The routing, caching, and evaluation decisions that stopped model spend from scaling with usage.

Mudassar IqbalFounder and Principal Engineer, Valtair
Published 6 min read

LeadVector does account research with agents, and research is expensive if you let it be. Early on, cost scaled almost linearly with usage, which is the wrong shape for a product. This is a short account of the decisions that flattened that curve without hurting quality.

Route before you reach for the biggest model

Not every step needs the most capable model. We route by task: cheap models handle extraction and formatting, stronger models handle reasoning that actually needs them. Most of the volume runs on the cheaper path, and the expensive path is reserved for where it earns its cost.

Cache the work, not just the answer

Account research repeats. The same company gets looked at more than once, and much of the intermediate work can be reused.
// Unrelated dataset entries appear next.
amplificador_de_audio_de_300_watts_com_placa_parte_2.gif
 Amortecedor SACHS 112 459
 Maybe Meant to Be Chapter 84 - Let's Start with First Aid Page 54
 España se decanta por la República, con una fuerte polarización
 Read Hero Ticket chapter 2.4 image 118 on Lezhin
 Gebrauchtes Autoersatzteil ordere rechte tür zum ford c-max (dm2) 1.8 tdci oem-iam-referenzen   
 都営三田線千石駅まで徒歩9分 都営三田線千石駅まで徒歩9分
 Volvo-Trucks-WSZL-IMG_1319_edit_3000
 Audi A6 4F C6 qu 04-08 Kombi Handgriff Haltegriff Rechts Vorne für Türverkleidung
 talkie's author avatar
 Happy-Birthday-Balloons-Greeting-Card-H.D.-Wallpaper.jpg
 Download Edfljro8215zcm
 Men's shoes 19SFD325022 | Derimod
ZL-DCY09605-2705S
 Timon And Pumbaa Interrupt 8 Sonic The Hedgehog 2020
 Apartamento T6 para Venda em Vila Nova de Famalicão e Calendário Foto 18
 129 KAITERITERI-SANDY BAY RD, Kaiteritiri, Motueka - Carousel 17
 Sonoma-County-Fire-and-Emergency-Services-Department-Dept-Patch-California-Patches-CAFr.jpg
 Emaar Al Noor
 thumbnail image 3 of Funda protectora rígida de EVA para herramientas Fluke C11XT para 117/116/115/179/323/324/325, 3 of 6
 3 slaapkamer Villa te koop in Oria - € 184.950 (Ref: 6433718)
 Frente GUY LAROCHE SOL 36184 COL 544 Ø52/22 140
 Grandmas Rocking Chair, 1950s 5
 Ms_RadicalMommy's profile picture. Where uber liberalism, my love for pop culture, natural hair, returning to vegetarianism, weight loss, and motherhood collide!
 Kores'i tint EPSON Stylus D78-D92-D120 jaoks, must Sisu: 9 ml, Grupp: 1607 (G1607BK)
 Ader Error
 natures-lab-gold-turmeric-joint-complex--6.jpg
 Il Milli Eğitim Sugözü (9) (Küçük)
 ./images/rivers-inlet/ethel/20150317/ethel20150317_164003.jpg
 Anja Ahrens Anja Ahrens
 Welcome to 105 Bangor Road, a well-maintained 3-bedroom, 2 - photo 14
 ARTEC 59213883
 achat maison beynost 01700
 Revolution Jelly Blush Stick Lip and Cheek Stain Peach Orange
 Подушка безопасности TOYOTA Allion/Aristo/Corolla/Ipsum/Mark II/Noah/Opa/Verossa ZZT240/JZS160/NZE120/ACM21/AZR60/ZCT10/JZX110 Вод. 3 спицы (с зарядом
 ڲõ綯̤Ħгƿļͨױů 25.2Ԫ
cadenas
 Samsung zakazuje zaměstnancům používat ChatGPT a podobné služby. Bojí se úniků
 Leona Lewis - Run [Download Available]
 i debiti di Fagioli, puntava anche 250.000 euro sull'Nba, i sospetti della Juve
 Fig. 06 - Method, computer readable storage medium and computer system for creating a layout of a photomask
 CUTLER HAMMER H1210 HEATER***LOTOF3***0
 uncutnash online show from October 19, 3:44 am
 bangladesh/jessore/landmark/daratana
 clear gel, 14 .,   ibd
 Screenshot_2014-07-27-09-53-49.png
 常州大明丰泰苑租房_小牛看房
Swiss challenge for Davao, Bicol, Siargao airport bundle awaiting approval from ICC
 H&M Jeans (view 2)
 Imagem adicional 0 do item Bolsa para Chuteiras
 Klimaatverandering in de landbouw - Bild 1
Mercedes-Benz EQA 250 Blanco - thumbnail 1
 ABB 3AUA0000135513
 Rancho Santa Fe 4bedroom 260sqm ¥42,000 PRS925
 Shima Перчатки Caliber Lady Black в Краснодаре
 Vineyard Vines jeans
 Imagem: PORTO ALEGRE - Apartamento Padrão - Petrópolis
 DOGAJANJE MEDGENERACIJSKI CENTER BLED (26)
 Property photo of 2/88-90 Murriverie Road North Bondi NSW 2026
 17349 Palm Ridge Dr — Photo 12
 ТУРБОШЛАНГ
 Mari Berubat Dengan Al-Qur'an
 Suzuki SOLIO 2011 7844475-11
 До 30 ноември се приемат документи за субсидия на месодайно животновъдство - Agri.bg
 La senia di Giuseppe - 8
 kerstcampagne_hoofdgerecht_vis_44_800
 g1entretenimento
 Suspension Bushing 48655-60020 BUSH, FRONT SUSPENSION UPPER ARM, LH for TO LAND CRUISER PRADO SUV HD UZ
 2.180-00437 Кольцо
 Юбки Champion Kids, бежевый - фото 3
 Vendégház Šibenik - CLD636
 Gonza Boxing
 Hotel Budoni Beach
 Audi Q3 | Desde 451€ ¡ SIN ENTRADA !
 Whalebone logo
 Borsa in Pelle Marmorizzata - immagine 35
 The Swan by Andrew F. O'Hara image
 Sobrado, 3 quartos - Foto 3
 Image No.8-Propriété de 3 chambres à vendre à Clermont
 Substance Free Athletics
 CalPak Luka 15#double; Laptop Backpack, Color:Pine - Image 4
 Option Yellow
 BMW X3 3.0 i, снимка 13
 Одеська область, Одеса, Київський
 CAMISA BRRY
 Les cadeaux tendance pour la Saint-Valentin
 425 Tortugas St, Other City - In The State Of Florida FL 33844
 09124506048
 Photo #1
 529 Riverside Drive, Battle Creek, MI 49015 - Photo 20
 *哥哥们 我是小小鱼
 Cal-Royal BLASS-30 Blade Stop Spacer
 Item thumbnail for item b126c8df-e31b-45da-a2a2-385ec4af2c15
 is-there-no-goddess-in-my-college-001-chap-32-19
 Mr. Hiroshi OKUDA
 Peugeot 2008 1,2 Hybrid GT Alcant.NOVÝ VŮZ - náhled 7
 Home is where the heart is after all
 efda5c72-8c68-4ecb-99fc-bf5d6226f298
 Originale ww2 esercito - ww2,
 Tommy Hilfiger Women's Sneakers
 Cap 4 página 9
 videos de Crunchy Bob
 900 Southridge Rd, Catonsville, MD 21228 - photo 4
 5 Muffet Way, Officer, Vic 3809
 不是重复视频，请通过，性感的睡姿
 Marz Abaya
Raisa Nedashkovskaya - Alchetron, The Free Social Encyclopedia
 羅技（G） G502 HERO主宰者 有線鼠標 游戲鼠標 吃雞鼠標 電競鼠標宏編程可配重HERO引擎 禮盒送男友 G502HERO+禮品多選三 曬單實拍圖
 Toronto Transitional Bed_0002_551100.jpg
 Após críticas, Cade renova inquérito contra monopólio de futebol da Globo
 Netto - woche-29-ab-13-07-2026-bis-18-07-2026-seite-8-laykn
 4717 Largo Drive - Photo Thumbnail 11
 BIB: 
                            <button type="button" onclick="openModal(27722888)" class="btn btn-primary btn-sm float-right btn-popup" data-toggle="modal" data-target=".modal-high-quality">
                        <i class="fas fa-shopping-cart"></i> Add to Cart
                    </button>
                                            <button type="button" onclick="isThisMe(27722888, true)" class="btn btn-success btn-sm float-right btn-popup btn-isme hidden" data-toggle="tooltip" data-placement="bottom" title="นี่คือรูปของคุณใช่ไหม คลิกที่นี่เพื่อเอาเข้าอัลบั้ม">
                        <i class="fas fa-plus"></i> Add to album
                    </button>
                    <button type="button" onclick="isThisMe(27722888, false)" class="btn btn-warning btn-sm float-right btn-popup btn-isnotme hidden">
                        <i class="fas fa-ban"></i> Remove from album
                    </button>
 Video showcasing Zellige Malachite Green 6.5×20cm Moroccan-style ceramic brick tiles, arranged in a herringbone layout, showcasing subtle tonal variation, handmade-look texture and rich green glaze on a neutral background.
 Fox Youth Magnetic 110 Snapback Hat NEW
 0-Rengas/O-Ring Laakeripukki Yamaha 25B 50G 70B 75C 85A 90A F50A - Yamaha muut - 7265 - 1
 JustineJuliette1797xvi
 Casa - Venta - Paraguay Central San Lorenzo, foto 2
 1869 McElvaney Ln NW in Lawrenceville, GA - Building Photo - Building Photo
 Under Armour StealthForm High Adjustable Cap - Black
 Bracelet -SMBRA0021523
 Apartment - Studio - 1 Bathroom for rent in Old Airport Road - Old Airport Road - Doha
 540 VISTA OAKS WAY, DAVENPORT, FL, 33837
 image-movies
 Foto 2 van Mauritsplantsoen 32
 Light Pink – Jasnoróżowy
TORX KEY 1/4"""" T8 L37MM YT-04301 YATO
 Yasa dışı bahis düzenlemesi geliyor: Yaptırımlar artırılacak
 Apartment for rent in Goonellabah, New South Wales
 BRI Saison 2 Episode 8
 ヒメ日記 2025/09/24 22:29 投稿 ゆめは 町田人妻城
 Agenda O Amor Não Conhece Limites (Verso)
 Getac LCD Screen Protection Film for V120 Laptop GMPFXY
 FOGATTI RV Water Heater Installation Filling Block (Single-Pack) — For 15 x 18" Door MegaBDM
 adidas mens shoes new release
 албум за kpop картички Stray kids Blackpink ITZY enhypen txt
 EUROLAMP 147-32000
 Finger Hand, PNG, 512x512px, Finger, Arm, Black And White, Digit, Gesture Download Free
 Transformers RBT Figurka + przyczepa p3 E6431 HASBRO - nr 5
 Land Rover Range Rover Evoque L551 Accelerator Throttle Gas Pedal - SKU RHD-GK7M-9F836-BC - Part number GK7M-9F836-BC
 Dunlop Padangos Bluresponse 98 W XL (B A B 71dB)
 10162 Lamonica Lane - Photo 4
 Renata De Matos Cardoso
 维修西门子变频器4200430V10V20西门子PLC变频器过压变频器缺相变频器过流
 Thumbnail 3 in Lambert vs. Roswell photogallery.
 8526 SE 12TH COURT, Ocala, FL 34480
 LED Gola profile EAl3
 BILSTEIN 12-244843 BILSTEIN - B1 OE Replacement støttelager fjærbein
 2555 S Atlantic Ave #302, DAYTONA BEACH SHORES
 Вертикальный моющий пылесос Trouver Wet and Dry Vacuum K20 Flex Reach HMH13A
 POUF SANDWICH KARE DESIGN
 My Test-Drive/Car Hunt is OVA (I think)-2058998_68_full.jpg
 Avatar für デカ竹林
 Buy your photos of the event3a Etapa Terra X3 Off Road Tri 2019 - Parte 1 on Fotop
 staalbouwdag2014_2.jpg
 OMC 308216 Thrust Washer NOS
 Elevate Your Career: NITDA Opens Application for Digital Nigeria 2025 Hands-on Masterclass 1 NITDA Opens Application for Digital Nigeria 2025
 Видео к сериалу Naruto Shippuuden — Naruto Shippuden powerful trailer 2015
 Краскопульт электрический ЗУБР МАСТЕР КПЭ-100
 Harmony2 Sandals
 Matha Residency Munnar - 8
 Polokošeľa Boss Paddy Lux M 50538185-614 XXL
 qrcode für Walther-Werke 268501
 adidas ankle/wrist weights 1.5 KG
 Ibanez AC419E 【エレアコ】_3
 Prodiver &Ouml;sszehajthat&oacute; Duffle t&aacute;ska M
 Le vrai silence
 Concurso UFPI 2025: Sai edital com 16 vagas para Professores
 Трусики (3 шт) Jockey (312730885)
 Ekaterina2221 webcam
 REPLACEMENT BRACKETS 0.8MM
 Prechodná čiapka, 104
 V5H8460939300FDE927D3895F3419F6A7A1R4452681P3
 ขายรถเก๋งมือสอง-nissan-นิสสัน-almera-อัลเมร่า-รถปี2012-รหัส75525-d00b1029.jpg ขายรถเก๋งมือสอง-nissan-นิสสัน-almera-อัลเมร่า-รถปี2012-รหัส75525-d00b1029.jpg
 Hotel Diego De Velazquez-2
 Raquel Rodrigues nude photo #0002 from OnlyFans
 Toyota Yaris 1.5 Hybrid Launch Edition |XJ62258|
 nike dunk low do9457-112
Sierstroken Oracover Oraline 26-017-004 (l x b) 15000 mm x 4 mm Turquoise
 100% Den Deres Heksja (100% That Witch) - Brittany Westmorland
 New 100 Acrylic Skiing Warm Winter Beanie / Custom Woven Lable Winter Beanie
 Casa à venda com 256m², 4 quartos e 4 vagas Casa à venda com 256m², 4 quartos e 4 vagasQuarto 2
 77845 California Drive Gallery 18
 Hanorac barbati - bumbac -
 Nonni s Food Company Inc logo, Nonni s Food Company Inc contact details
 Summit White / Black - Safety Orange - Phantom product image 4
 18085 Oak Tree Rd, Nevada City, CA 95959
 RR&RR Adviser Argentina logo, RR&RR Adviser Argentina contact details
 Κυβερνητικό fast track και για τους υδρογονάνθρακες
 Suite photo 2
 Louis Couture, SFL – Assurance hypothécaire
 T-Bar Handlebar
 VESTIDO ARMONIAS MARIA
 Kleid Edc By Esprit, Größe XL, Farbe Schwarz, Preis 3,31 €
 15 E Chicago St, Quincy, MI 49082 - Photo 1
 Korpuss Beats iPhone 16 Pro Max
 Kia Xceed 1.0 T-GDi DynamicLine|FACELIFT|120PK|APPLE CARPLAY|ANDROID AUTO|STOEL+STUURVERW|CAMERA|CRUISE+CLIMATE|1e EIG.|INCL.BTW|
We cache at the level of research steps, not just final answers, so a second look at an account is mostly free.

Let evaluation catch regressions

Cost work is dangerous without evaluation, because it is easy to make something cheaper and quietly worse. Every routing or caching change runs against our evaluation set first, so we can see whether we saved money at the expense of quality.

What we would tell our past selves

  1. 01Put cost controls in the first architecture decision, not the last.
  2. 02Route by task; reserve the expensive model for reasoning that needs it.
  3. 03Cache intermediate work, not only final outputs.
  4. 04Gate every cost change behind evaluation.
  5. 05Track cost per job so the trend is visible before it is a problem.

Mudassar Iqbal

Founder and Principal Engineer, Valtair

Mudassar Iqbal is the founder of Valtair, where he designs, builds, and operates its products and client systems. He writes about what he learns shipping AI to production.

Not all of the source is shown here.